Splitting off part of the work from #2075889: Make Drupal handle incoming paths in a case-insensitive fashion for routing
Problem/Motivation
Whilst working on #1987898: Convert user_view_page() to a new style controller and #2075889: Make Drupal handle incoming paths in a case-insensitive fashion for routing we note that path aliases handling will be case insensitive on mysql but case sensitive on pgsql and others.
So on some sites:
/Path/Alias and /path/alias will resolve the same, on other sites one will be a 404
Proposed resolution
we agreed to fix this by keeping most of the existing behavior from Drupal 7.
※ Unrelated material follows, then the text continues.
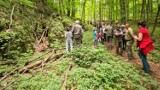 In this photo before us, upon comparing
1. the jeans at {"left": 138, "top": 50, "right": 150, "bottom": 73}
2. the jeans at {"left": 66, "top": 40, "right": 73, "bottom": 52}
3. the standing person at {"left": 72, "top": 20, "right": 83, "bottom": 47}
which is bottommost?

/Path/Alias- not 404. Same as /path/alias on all supported databases
Remaining tasks
User interface changes
none
API changes
Change the query to the select builder so we take advantage of the ILIKE on pgsql
Data model changes
none
Beta phase evaluation
Issue category | Bug because links in D6/D7 sites can break during an upgrade to D8. |
---|---|
Issue priority | Major because previously working links can break during a D8 upgrade. Not critical because:
See #23 for more details. |
Disruption | Disruptive for sites running on beta versions that added case-sensitive aliases in Drupal 6-7 or in Drupal 8. |
Comment | File | Size | Author |
---|---|---|---|
#53 | 2584243-53.patch | 20.59 KB | stefan.r |
#53 | interdiff-50-53.patch | 2.92 KB | stefan.r |
| |||
#50 | increment.txt | 4.24 KB | pwolanin |
#50 | 2584243-50.patch | 21.04 KB | pwolanin |
#42 | 2584243-42.patch | 21.33 KB | stefan.r |
Comments
Comment #2
pwolanin CreditAttribution: pwolanin as a volunteer and at Acquia commentedThis has just has the 3 hunks I think are needed from the other patch https://www.drupal.org/files/issues/2075889-197_0.patch
Comment #3
pwolanin CreditAttribution: pwolanin as a volunteer and at Acquia commentedHere's just the test hunk to verify it fails somewhere.
Comment #4
pwolanin CreditAttribution: pwolanin as a volunteer and at Acquia commentedunused use
Comment #5
YesCT CreditAttribution: YesCT commentedis this correcting incorrect docs, or is it changing the param?
Comment #6
pwolanin CreditAttribution: pwolanin as a volunteer and at Acquia commented@YesCt - it's fixing the docs since the code actually just takes a string, not an array of strings.
Comment #7
dawehnerSo i'm wondering whether we really need to switch from simple queries to an object. Is this a requirement to fix the issue?
Comment #8
Crell CreditAttribution: Crell as a volunteer commentedAnother alternative is to just have separate MySQL, Postgres, and SQLite implementations of the AliasStorage class, each optimized accordingly. That's fully supported in core and something we should take more advantage of. :-)
Comment #9
kgoel CreditAttribution: kgoel as a volunteer commented+1
I like the idea of separate implementation. It's sounds very straight forward but don't know how easy/difficult it would be to implement this.
Comment #10
pwolanin CreditAttribution: pwolanin as a volunteer and at Acquia commented@dawehner - I thought we needed to, but maybe not - it seems the pgsql driver also replaces queries in strings.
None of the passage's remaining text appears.